Exercise instructions |
Every line below must be reproduced exactly; no pictures are to be included.

Provided entries |
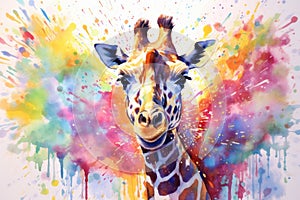 fluidity and unpredictability of watercolors by creating a dynamic and energetic Giraffe print. fashion design cute Giraffe poster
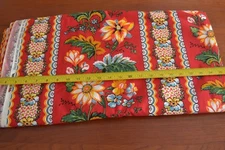 17" Long, Bright Floral Striped on Red Cotton, Moda/Le Petit Poulet/Japan,M8855
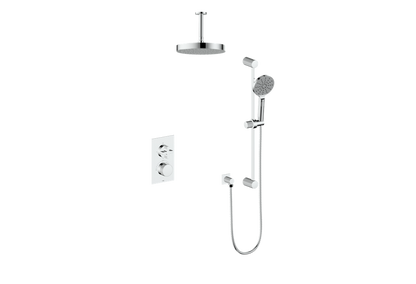 Système de douche thermostatique bidirectionnel Vogt Mond avec valve encastrée et bras de plafond, chrome poli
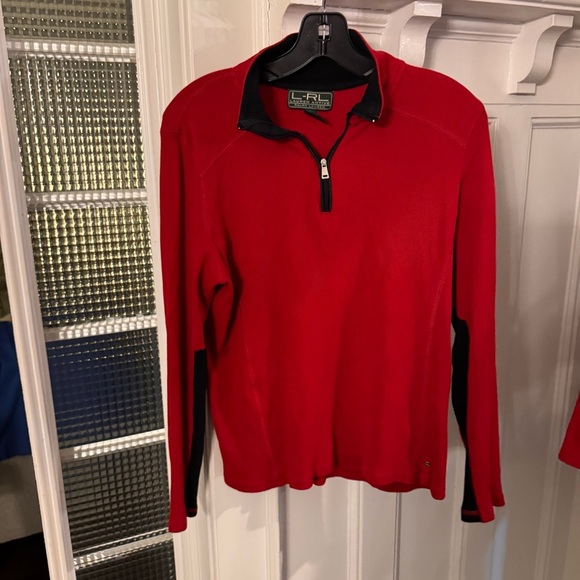 LRL Ralph Lauren Women's Red  Waffle Knit Sweater L/S 1/4 Zip Pullover Sz L - Picture 9 of 9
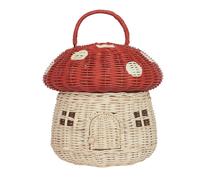 Handmade Rattan Mushroom-Shaped Storage Basket- Cute Handmade Handcrafted Gift Decoration Artwork Rattan, Red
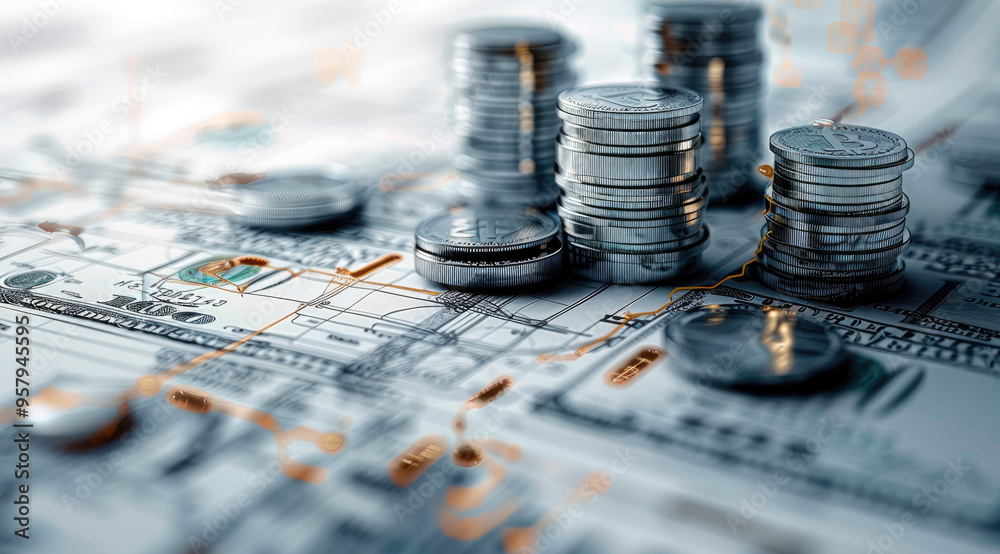 Aufkleber abstract blueprint or architectural design made up of currency symbols, coins, and financial charts,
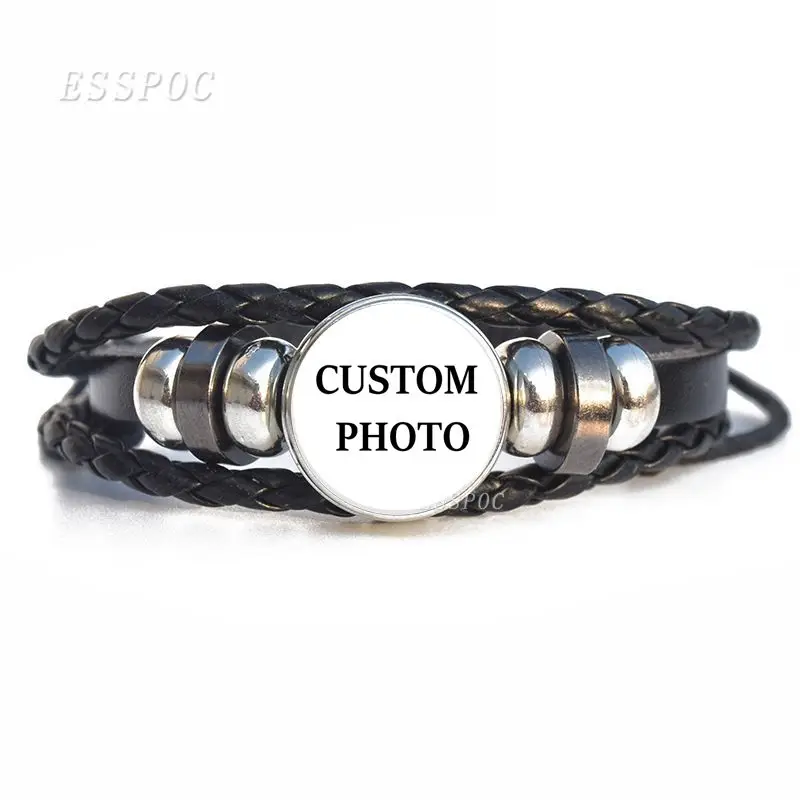 Черный кожаный браслет с фото на заказ для мужчин и женщин плетеный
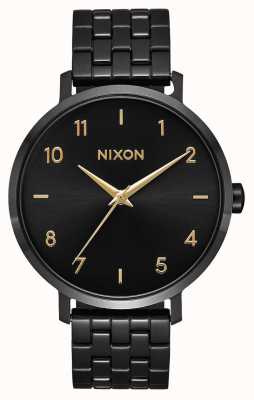 Nixon Arrow | Black / Gold | Black IP Steel Bracelet | Black Dial A1090-010-00
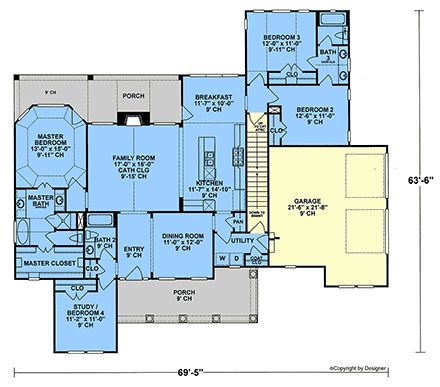 Contemporary, Country, Farmhouse, Traditional House Plan 101291 with 4 Beds, 3 Baths, 2 Car Garage First Level Plan
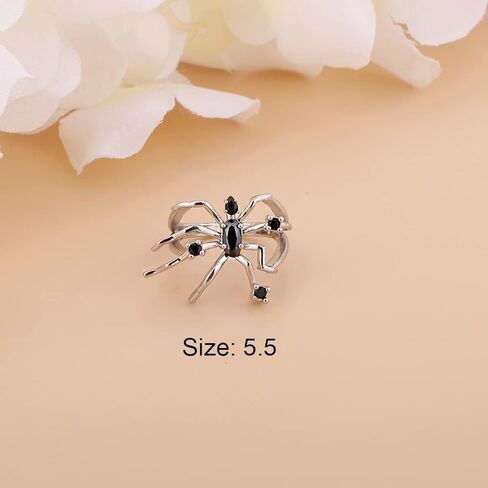 Xerling القوطية العنكبوت خواتم المفصل خمر هالوين خواتم الاصبع للنساء الأسود جوهرة الفضة خاتم المجوهرات الجمالية للفتيات في سن المراهقة (حلقة العنكبوت) in Kuwait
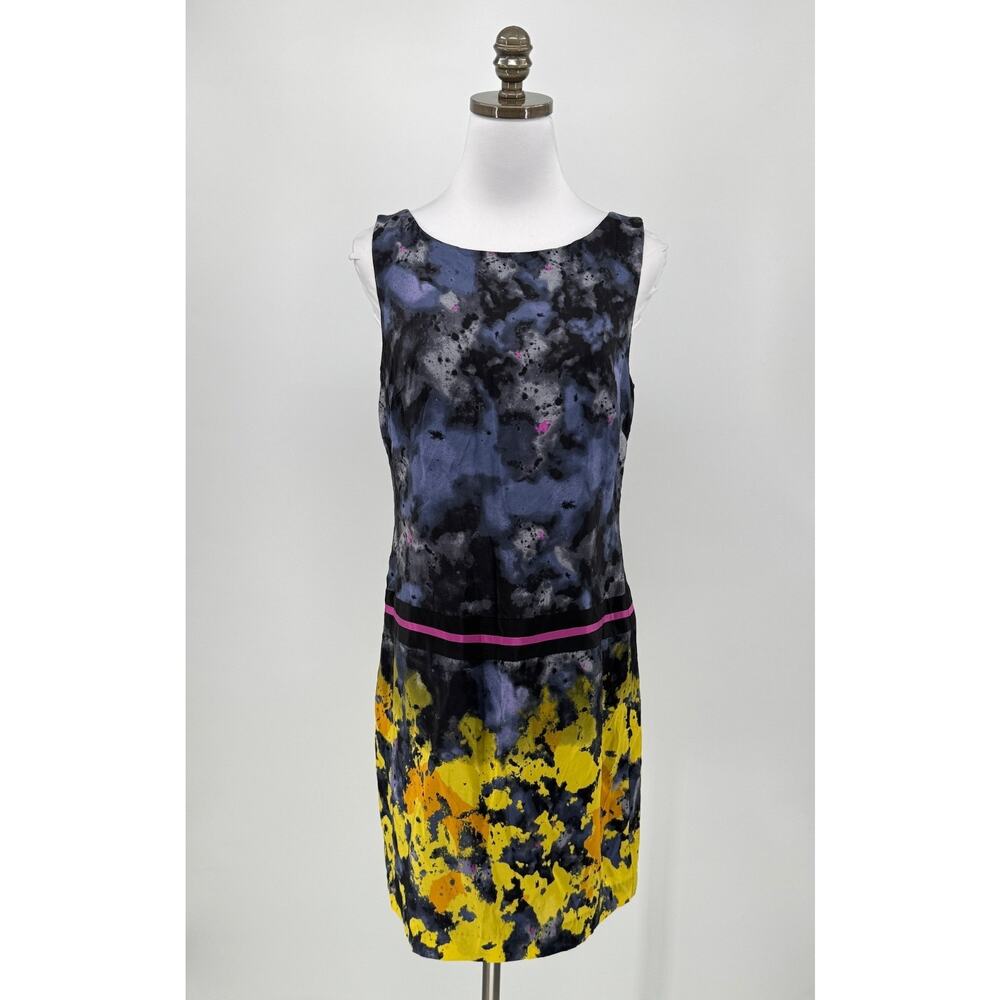 Suzi Chin Maggy Boutique Blue Abstract 100% Silk Drop Waist Sheath Dress Sz 8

Output for this task |
 fluidity and unpredictability of watercolors by creating a dynamic and energetic Giraffe print. fashion design cute Giraffe poster
 17" Long, Bright Floral Striped on Red Cotton, Moda/Le Petit Poulet/Japan,M8855
 Système de douche thermostatique bidirectionnel Vogt Mond avec valve encastrée et bras de plafond, chrome poli
 LRL Ralph Lauren Women's Red  Waffle Knit Sweater L/S 1/4 Zip Pullover Sz L - Picture 9 of 9
 Handmade Rattan Mushroom-Shaped Storage Basket- Cute Handmade Handcrafted Gift Decoration Artwork Rattan, Red
 Aufkleber abstract blueprint or architectural design made up of currency symbols, coins, and financial charts,
 Черный кожаный браслет с фото на заказ для мужчин и женщин плетеный
 Nixon Arrow | Black / Gold | Black IP Steel Bracelet | Black Dial A1090-010-00
 Contemporary, Country, Farmhouse, Traditional House Plan 101291 with 4 Beds, 3 Baths, 2 Car Garage First Level Plan
 Xerling القوطية العنكبوت خواتم المفصل خمر هالوين خواتم الاصبع للنساء الأسود جوهرة الفضة خاتم المجوهرات الجمالية للفتيات في سن المراهقة (حلقة العنكبوت) in Kuwait
 Suzi Chin Maggy Boutique Blue Abstract 100% Silk Drop Waist Sheath Dress Sz 8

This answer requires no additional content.